◆ WORK TASK ◆
Begin at the line containing "HOKA Men's Clifton 9 Black/Black" and restate it and each line after it exactly, up to and including the last line below. Leave pictures out.

◆ GIVEN INFORMATION ◆
# # #

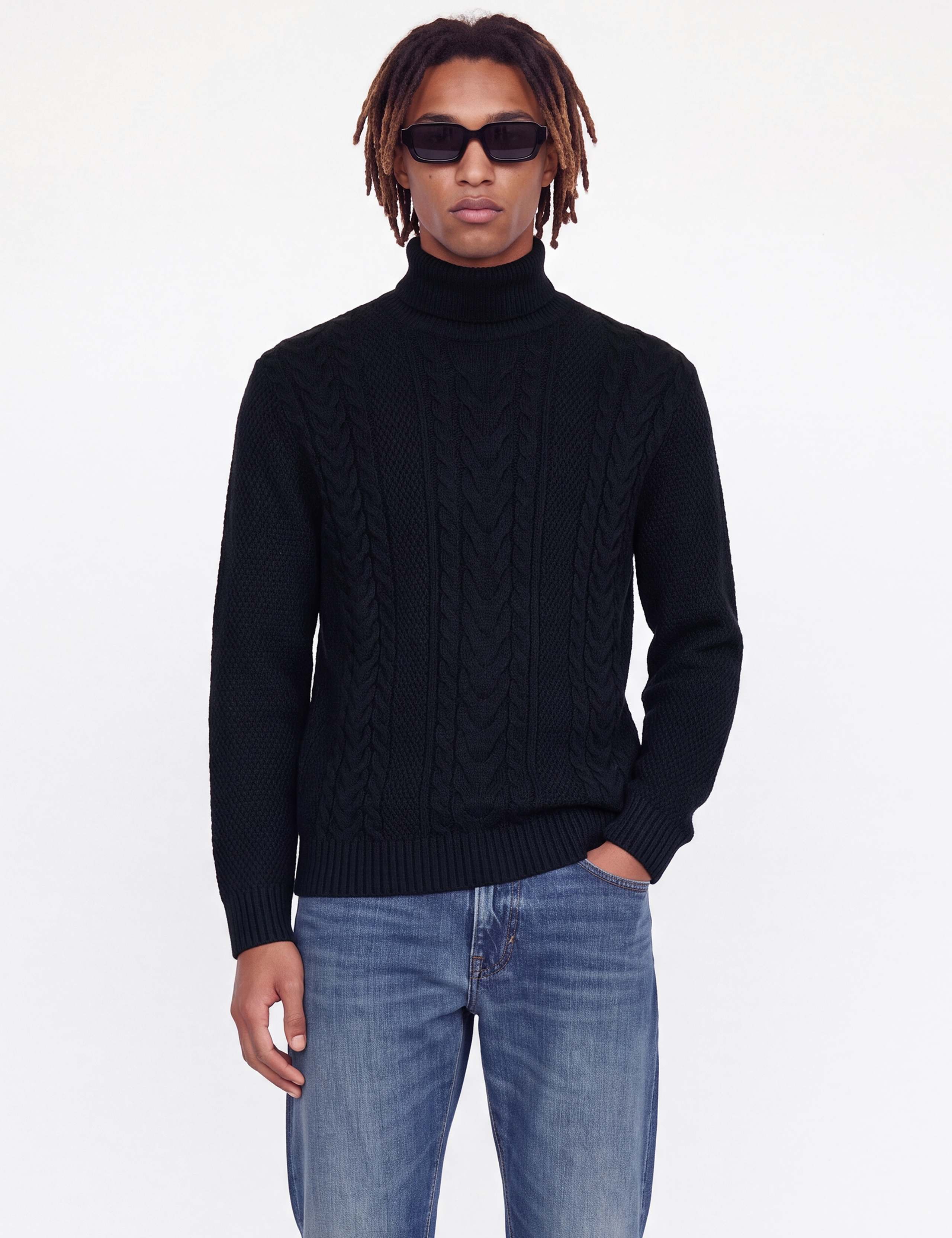 Cable Roll Neck Jumper 2 of 7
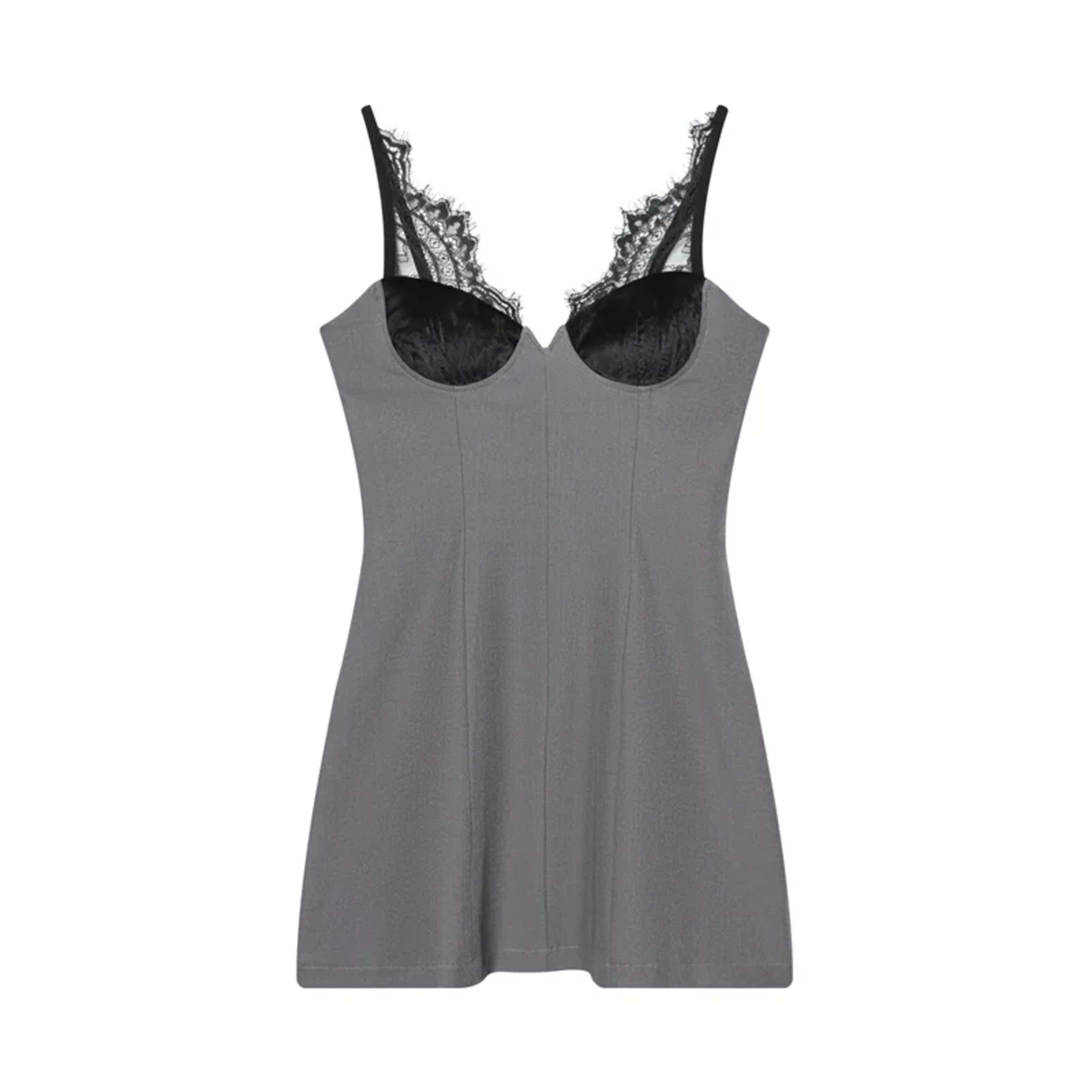Women's Dress 2025 New Fashion Sexy Lace Deep V-Neck Slip Dress for Women Ersonality Unique Chic Women Slim Dress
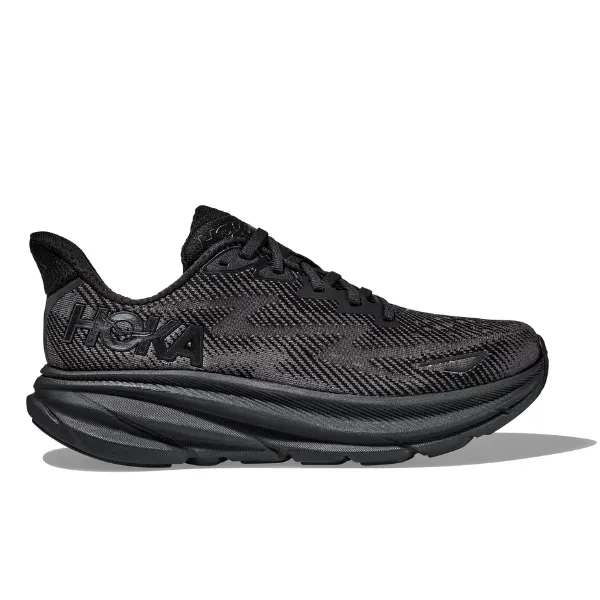 HOKA Men's Clifton 9 Black/Black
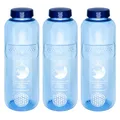 Produktbild: Tritan Trinkflaschen 0,75 Acala Sparset mit Blume des Lebens 3er Pack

# # #

◆ OUTPUT OF THE EXERCISE ◆
 HOKA Men's Clifton 9 Black/Black
 Produktbild: Tritan Trinkflaschen 0,75 Acala Sparset mit Blume des Lebens 3er Pack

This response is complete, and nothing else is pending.